NASA’s James Webb Space Telescope team has been selected to receive the 2023 John L. “Jack” Swigert, Jr., Award for Space Exploration, a top award from the Space Foundation. This annual award honors a space agency, company, or consortium of organizations in the realm of space exploration and discovery.
“The James Webb Space Telescope team represents the best of our humanity and an enduring pursuit to better understand the cosmos. Every new image is a new discovery,” said NASA Administrator Bill Nelson. “Webb is the culmination of decades of persistence and once-unthinkable human ingenuity made possible by international partnerships. Together, we are unfolding the universe and inspiring the world.”
The award will be presented at the Space Foundation’s yearly opening ceremony of the Space Symposium in Colorado on April 17.
“Within its first year of operations, the work and revelations by the James Webb Space Telescope team has opened an entirely new chapter of knowledge and inspiration that will forever change our lives and history,” said Space Foundation CEO Tom Zelibor. “This is an unparalleled achievement and is transforming astronomy and space science while delivering new inspiration and imagination to every generation and corner of our planet. The partnerships and collaborations between nations, researchers, industry members, and more have also highlighted the incredible things we can do together as we promote knowledge.”
Webb, the world’s premier space science telescope, launched on December 25, 2021. In 2022, the Webb team successfully completed an intricate series of deployments to unfold the observatory into its final configuration in space. They then precisely aligned its mirrors to within nanometers, set up and tested its powerful instruments, and officially began Webb’s mission to explore the infrared universe.
With its optics performing nearly twice as well as the mission required, Webb is discovering some of the earliest galaxies ever observed, peering through dusty clouds to see stars forming, and delivering a more detailed view of the atmospheres of planets outside our solar system than ever before. Webb has also captured new views of planets within our solar system, including the clearest look at Neptune’s rings in decades. The Swigert award, which pays tribute to NASA astronaut Jack Swigert for his legacy of space exploration, will recognize the contributions of the team members who designed, developed, and now operate the Webb mission.
“Our vast and dedicated team on the James Webb Space Telescope mission is already bringing us closer and closer to seeing the earliest, most distant galaxies that shine in our universe,” said Sandra Connelly, acting associate administrator for the Science Mission Directorate at NASA Headquarters. “Webb is an international collaboration involving a group of thousands of diverse people that has launched NASA into a new era of world-class science and is revolutionizing our view of the cosmos.”
Recent winners of the John L. “Jack” Swigert, Jr. Award include NASA and the University of Arizona OSIRIS-REx team, the teams behind the NASA JPL Mars Ingenuity Helicopter and InSight-Mars Cube One, NASA Dawn, and Cassini.
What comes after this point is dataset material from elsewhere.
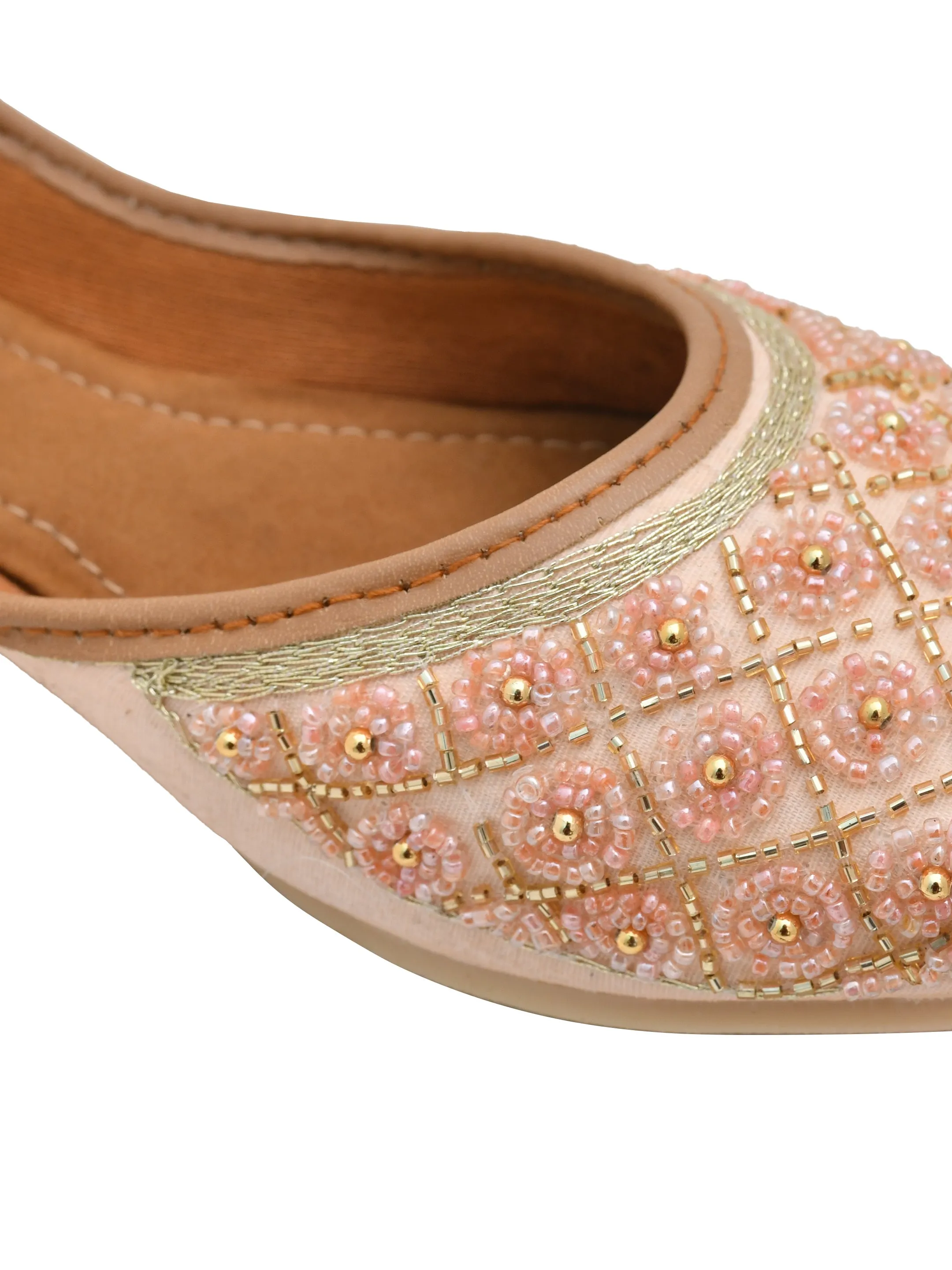 Women Embellished Ethnic Mojaris (OMMJW-001-PEACH)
Recently, the Webb mission’s accomplishments also have been recognized by organizations including the National Space Club and Foundation, National Air and Space Museum, Aviation Week, Bloomberg Businessweek, Popular Science, and TIME.
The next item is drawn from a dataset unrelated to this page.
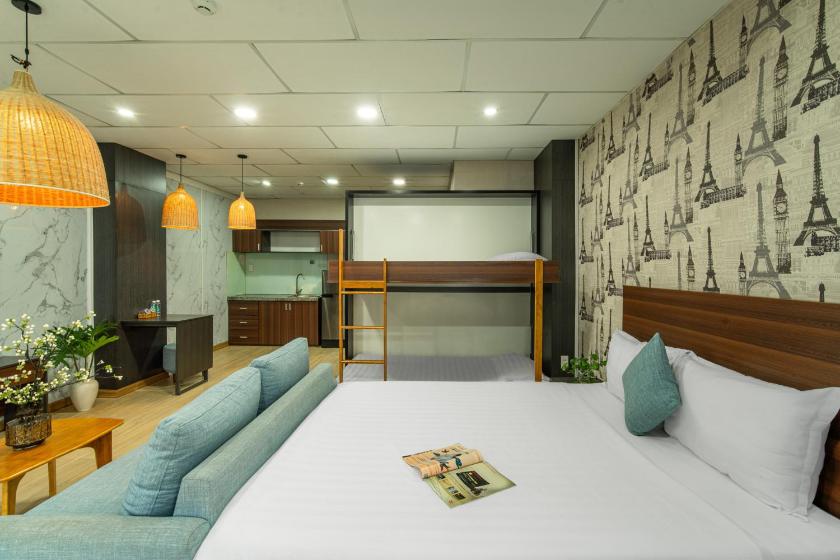 Phòng Gia Đình Có Ban Công Phòng Gia Đình Có Ban Công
Webb, an international mission led by NASA with its partners ESA (European Space Agency) and CSA (Canadian Space Agency), is the world’s premier space science observatory. Its design pushed the boundaries of space telescope capabilities to solve mysteries in our solar system, look beyond to distant worlds around other stars, and probe the mysterious structures and origins of our universe and our place in it.
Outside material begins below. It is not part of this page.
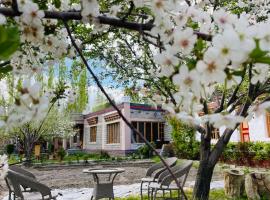 The Kesar Guest House Sumoor，位于列城的酒店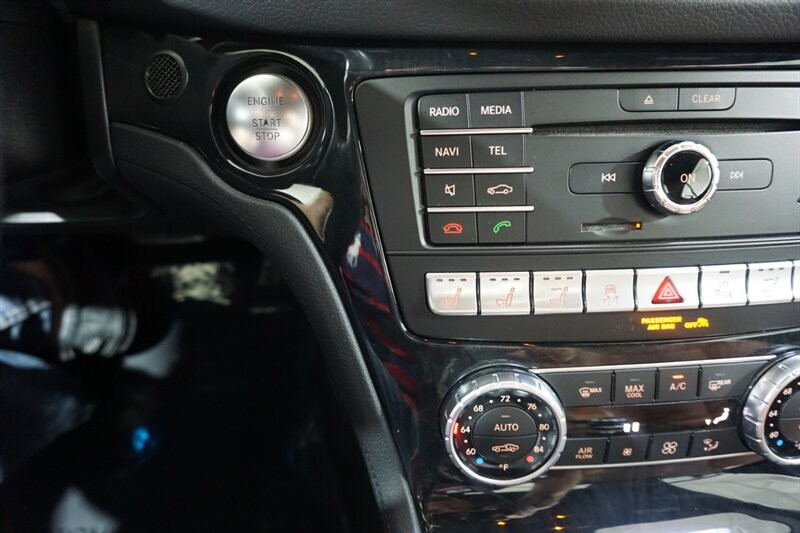 Mercedes-Benz SL 450 Vehicle Full-screen Gallery Image 48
NASA Headquarters in Washington oversees the Webb mission. NASA Goddard manages Webb for the agency and oversees work on the mission performed by the Space Telescope Science Institute, Northrop Grumman, and other mission partners, including Ball Aerospace. In addition to Goddard, several NASA centers contributed to the project, including the agency’s Johnson Space Center in Houston, Jet Propulsion Laboratory in southern California, Marshall Space Flight Center in Huntsville, Alabama, Ames Research Center in California’s Silicon Valley, and others.